NetVAD: Foundation-Model Representation Learning for Identifier-Free Unsupervised Intrusion Detection
For network security practitioners, NetVAD bridges the gap between unsupervised and supervised IDS performance on zero-day attacks, though it is limited by flow-based foundation models for certain attack types.
NetVAD uses a frozen network foundation model with a variational autoencoder to achieve unsupervised intrusion detection, reaching 98% Micro F1 and 96% Macro F1 on ToN-IoT at a low false positive rate, but struggles with single-packet reconnaissance.

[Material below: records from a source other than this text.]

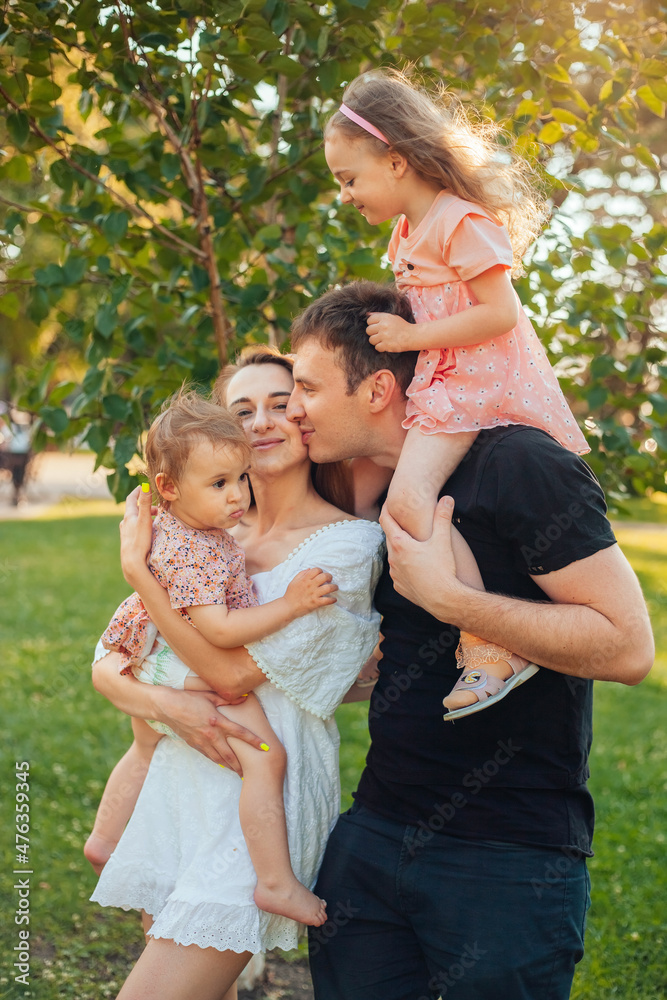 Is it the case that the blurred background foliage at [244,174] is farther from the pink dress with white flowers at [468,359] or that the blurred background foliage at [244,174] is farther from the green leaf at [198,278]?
the pink dress with white flowers at [468,359]

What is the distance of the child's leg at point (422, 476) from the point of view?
6.48 ft

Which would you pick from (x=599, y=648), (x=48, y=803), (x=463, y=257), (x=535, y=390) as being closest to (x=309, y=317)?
(x=463, y=257)

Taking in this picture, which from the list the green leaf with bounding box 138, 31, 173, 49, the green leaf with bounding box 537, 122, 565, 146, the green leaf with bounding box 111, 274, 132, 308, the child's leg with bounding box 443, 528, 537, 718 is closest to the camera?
the child's leg with bounding box 443, 528, 537, 718

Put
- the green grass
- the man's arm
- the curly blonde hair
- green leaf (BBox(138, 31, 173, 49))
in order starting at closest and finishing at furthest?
the man's arm < the curly blonde hair < green leaf (BBox(138, 31, 173, 49)) < the green grass

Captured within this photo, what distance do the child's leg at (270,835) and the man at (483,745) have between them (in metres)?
0.11

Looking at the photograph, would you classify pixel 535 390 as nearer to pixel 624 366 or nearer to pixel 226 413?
pixel 226 413

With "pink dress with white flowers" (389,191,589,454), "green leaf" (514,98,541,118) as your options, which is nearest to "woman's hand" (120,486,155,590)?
"pink dress with white flowers" (389,191,589,454)

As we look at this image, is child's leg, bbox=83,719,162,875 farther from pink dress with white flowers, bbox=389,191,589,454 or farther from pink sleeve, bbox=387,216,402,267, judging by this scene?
pink sleeve, bbox=387,216,402,267

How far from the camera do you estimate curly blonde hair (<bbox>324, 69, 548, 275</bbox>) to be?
2219mm

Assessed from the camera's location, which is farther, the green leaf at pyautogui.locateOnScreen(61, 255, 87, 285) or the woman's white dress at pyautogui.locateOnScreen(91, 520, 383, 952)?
the green leaf at pyautogui.locateOnScreen(61, 255, 87, 285)

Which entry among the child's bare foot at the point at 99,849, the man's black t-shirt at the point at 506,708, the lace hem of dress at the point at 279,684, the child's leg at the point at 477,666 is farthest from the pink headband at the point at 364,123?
the child's bare foot at the point at 99,849

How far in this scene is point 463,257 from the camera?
214 centimetres

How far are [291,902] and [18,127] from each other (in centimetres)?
219

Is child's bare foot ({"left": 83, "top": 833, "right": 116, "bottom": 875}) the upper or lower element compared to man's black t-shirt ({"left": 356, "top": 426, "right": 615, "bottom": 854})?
lower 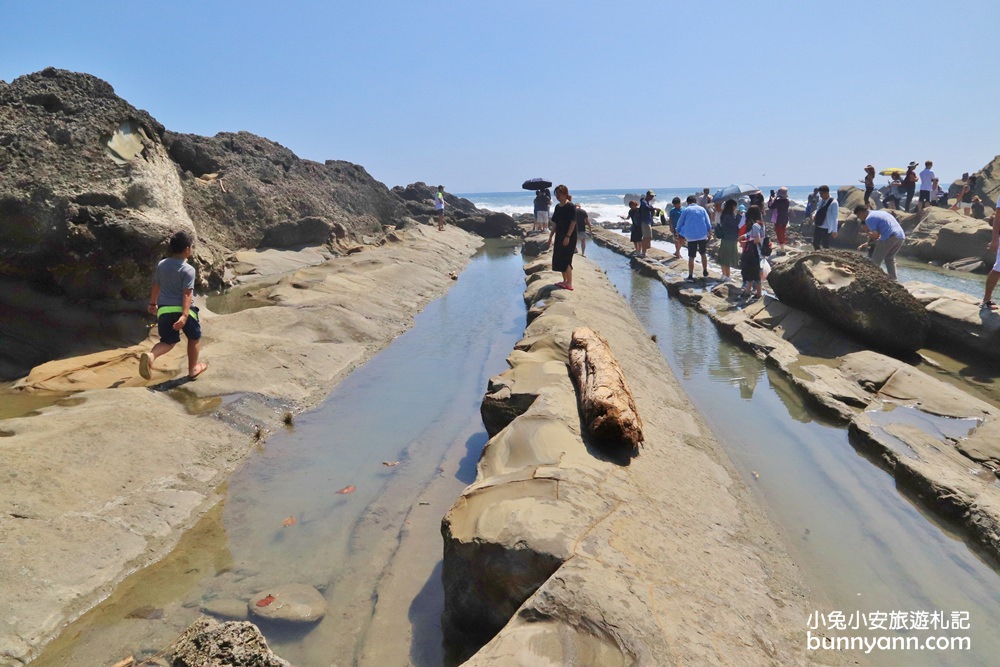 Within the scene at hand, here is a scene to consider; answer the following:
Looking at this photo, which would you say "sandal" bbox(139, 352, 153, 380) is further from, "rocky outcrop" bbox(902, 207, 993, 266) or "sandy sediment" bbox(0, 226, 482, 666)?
"rocky outcrop" bbox(902, 207, 993, 266)

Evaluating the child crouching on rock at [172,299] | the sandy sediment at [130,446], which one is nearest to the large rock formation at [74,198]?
the sandy sediment at [130,446]

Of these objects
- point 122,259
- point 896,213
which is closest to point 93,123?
point 122,259

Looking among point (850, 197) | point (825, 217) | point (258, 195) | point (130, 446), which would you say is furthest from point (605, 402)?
point (850, 197)

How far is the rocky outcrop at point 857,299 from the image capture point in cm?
748

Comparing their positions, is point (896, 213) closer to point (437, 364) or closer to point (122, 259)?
point (437, 364)

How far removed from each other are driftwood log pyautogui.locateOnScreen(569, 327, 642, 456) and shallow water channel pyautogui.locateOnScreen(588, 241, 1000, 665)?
1.24m

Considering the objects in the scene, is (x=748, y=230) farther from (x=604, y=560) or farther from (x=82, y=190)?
(x=82, y=190)

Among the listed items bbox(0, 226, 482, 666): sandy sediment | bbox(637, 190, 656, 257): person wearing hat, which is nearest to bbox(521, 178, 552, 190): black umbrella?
bbox(637, 190, 656, 257): person wearing hat

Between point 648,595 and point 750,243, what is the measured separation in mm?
8811

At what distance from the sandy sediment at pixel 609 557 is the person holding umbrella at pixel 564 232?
496cm

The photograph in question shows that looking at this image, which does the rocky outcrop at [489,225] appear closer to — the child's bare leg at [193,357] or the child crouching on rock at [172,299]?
the child's bare leg at [193,357]

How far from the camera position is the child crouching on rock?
5469mm

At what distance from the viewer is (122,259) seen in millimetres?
6508

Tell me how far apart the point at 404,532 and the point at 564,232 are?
6.19 meters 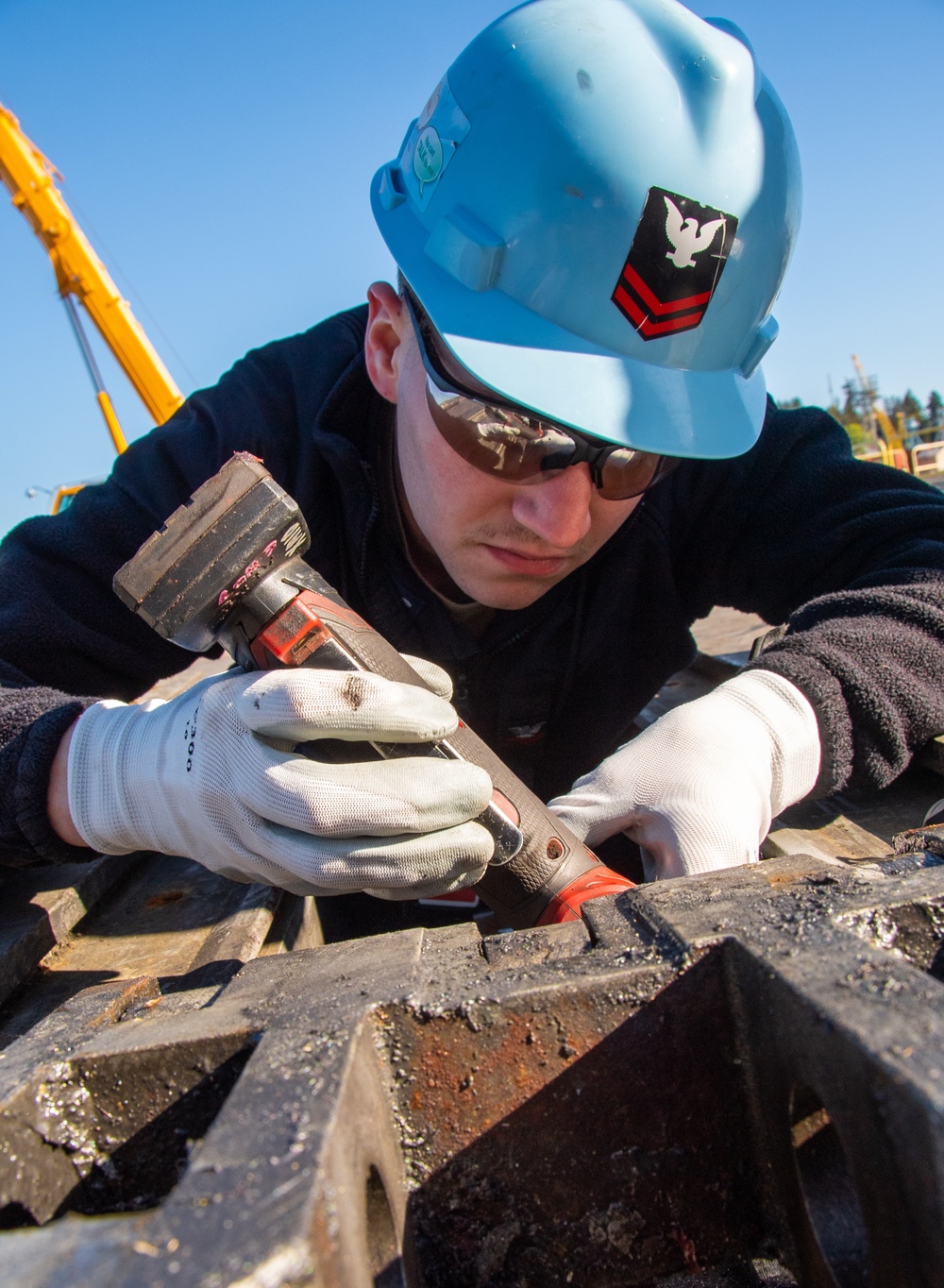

Detecting zero-day exploits in production networks requires robust Intrusion Detection Systems (IDS). However, current unsupervised models struggle to match the performance of supervised classifiers, which are trained for specific attacks only. To bridge this gap, we leverage the emerging capabilities of Network Foundation Models. We propose \textit{NetVAD}, a strictly identifier-free Variational Autoencoder that projects representations from a frozen Foundation Model into a task-specific latent space, trained solely on benign traffic. Evaluated on ToN-IoT and IoT-23, NetVAD achieves highly competitive unsupervised performance. On ToN-IoT, it achieves a 98% Micro F1-score and a 96% Macro F1-score at an operational false positive rate. Unlike prior work, we show the model's performance transparently for all attack-classes of the datasets. While the architecture excels at discerning complex botnet behaviour (99.6% F1 on Okiru), our evaluation reveals limitations of flow-based Foundation Models in detecting single-packet reconnaissance events. Finally, a comprehensive ablation study confirms that while large-scale pre-training is essential to prevent performance degrading, specialised decoder architectures are necessary to precisely model the complex benign manifold, ensuring attacks are caught more reliably, due to a higher reconstruction loss.